# New Pickups For Peavey Grind 5



## davisjom (Oct 7, 2011)

I'm looking into replacing my pickups in my Peavey Grind 5. But I'm not sure what to get.
The dimensions are:
4.23 in x 1.5 in
(107.95 mm x 38.1 mm)
Any and all ideas are greatly appreciated.


----------



## iron blast (Oct 8, 2011)

Peaveys active pups, Emg's, Seymour Duncan basslines and Bartolinis if you want drop in replacements. There are higher end options available like Nordstrand, Delano, Villex, and Lace bass bars ect. Just tryout some stuff find out what sound you are looking for.


----------



## davisjom (Oct 8, 2011)

iron blast said:


> Peaveys active pups, Emg's, Seymour Duncan basslines and Bartolinis if you want drop in replacements. There are higher end options available like Nordstrand, Delano, Villex, and Lace bass bars ect. Just tryout some stuff find out what sound you are looking for.

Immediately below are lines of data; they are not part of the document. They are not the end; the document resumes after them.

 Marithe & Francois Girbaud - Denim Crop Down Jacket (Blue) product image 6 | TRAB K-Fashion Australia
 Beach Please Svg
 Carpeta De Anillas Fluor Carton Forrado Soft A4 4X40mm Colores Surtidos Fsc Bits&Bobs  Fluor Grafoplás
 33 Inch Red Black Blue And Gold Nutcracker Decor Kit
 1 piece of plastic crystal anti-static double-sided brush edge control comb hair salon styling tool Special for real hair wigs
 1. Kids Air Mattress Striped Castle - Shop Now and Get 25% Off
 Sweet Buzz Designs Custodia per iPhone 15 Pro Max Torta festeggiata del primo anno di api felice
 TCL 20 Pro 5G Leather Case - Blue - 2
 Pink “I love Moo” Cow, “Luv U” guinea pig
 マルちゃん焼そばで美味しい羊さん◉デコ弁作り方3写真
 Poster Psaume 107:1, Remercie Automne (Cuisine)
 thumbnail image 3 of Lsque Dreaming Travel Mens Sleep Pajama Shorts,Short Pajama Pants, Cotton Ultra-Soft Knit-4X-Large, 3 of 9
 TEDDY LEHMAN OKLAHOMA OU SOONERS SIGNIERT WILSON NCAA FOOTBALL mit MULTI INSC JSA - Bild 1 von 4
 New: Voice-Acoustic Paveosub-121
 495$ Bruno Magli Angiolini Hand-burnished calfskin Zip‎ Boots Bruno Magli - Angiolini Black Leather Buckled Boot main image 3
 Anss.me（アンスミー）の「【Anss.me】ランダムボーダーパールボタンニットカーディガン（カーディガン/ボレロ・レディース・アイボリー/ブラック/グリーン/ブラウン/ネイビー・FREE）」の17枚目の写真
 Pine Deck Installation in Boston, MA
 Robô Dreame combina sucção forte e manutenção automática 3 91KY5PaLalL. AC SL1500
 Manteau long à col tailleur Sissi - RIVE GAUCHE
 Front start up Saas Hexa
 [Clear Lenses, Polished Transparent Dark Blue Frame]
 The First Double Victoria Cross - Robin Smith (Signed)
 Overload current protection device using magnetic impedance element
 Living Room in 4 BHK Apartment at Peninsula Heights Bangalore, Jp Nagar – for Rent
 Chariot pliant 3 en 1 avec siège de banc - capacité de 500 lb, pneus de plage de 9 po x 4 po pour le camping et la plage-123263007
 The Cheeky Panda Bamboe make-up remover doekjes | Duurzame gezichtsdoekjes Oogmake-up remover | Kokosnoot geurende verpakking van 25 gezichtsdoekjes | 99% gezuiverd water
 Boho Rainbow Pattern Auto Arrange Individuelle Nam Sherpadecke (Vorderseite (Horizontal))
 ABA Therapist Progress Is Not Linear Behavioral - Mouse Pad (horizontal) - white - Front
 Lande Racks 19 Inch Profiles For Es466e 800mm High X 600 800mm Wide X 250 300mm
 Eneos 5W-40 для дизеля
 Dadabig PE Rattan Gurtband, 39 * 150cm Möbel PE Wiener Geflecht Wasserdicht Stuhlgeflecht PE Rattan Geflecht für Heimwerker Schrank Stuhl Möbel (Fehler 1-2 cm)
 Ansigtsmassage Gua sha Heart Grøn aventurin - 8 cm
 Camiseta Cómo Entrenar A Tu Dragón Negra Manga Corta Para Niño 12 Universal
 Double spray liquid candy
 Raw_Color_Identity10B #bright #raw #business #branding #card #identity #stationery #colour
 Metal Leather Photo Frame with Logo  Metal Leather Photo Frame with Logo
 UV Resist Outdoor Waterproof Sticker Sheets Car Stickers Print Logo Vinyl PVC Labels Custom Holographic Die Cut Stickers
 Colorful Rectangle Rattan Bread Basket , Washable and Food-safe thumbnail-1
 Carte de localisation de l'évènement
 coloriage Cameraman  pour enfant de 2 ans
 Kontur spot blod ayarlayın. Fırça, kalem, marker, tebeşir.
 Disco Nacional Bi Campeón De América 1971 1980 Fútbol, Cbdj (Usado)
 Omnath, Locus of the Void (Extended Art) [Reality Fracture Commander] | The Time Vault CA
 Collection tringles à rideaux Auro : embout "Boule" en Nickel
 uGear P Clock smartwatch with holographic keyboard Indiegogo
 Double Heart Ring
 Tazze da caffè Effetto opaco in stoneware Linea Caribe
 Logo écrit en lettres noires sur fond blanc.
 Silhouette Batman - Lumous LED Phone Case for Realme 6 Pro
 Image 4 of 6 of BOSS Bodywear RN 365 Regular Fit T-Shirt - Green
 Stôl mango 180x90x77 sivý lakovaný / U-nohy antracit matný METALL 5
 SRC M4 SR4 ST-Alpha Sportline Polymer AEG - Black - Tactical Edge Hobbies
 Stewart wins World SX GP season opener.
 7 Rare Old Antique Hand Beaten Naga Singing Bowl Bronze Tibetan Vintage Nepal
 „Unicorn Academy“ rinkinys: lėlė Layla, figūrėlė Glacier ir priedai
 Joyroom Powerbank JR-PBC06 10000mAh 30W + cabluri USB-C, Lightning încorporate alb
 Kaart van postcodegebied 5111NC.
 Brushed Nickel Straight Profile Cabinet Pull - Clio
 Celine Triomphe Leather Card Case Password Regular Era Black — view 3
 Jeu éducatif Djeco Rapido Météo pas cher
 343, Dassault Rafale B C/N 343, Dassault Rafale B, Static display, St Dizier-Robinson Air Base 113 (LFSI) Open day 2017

I've played some bartolini mk-1's and Nordstrand Big Singles. (Both i love)
But the dimensions dont match up quite right.
Which would you recommend? I like to switch up styles alot, i play any kind of music.


----------



## iron blast (Oct 9, 2011)

I personally say barts for that bass. If you get Bartolinis dont get mk 1's they are the lower end import pups. Order the usa models. that said I was very pleased with the Peavey Cirrus pickups I have played with if you dont wish to reroute the body. Any pickup you choose will most likely be a huge improvement in sound. The grind basses I have played all are well built My only gripe with them is the pups. I hope this was helpful feel free to ask any more questions you have man. Keep slappin da bass


----------



## davisjom (Oct 9, 2011)

Thanks a lot. You've been a huge help. I think im going to go to sweetwater and ask one of their guitar techs.


----------



## iron blast (Oct 10, 2011)

sweet deal let us all know whats up.


----------



## MaxOfMetal (Oct 10, 2011)

The Bartolini P2 size pickups will come pretty close to fitting.


----------



## ericsleepless (Oct 14, 2011)

Go with some passives. I love my 18v active EMG-Hz pups but I don't like replacing 29 volt batteries every 2 weeks.


----------



## davisjom (Oct 16, 2011)

Passives are the plan. I dont have the extra money to get a battery box put in, nor do i want to


----------



## davisjom (Oct 16, 2011)

Wait. Aren't the Hz's passive?


----------



## MaxOfMetal (Oct 16, 2011)

davisjom said:


> Wait. Aren't the Hz's passive?



They are. Perhaps he's thinking of the preamp.


----------



## davisjom (Nov 5, 2011)

Well folks, the plan so far is to get Bartolini 72M55C (Bartolini 72M55C (EMG 45 Shape)- 5 String Soapbar Bass Pickups) .25 inches longer, but thats not a big deal (i think), I would like to have a 3-way selector switch installed, and have the control knobs be 1 volume (closest to bridge p-up), 1 bass (underneath 'volume' knob), 1 mids (right of 'bass' knob), and 1 treb (right of 'mids' knob).
The problem is all of this will cost around $300, give or take. I paid $275 for my bass used. would it be worth making all these changes?
(Sorry if i'm not making sense)


----------



## dnoel86 (Nov 5, 2011)

ericsleepless said:


> I don't like replacing 29 volt batteries every 2 weeks.



Do you leave it plugged in when you're not playing it or something?


----------



## iron blast (Nov 11, 2011)

davisjom said:


> Well folks, the plan so far is to get Bartolini 72M55C (Bartolini 72M55C (EMG 45 Shape)- 5 String Soapbar Bass Pickups) .25 inches longer, but thats not a big deal (i think), I would like to have a 3-way selector switch installed, and have the control knobs be 1 volume (closest to bridge p-up), 1 bass (underneath 'volume' knob), 1 mids (right of 'bass' knob), and 1 treb (right of 'mids' knob).
> The problem is all of this will cost around $300, give or take. I paid $275 for my bass used. would it be worth making all these changes?
> (Sorry if i'm not making sense)



If you want an active neck thru 5 string you wont find one in this price range. Much less even close to this sexy or nice Imho. I would deff do it.


----------



## davisjom (Nov 12, 2011)

I'm not going for active. To much hassle, batteries suck, dont feel like paying for additional routing. Which is why I was planning on putting in some barts


----------



## iron blast (Nov 13, 2011)

ok I feel you on the active hassle. Good choice on the Bartolini's they make excellent pups. I have em in my 5 string they are some of the best sounding pups I've played thru.


----------



## ericsleepless (Nov 23, 2011)

dnoel86 said:


> Do you leave it plugged in when you're not playing it or something?



What do you mean *NOT PLAYING*........????


----------



## iron blast (Nov 23, 2011)

ericsleepless said:


> What do you mean *NOT PLAYING*........????



I think he was getting at leaving the plug in the guitar while its on its stand it drains the battery faster in an active bass


----------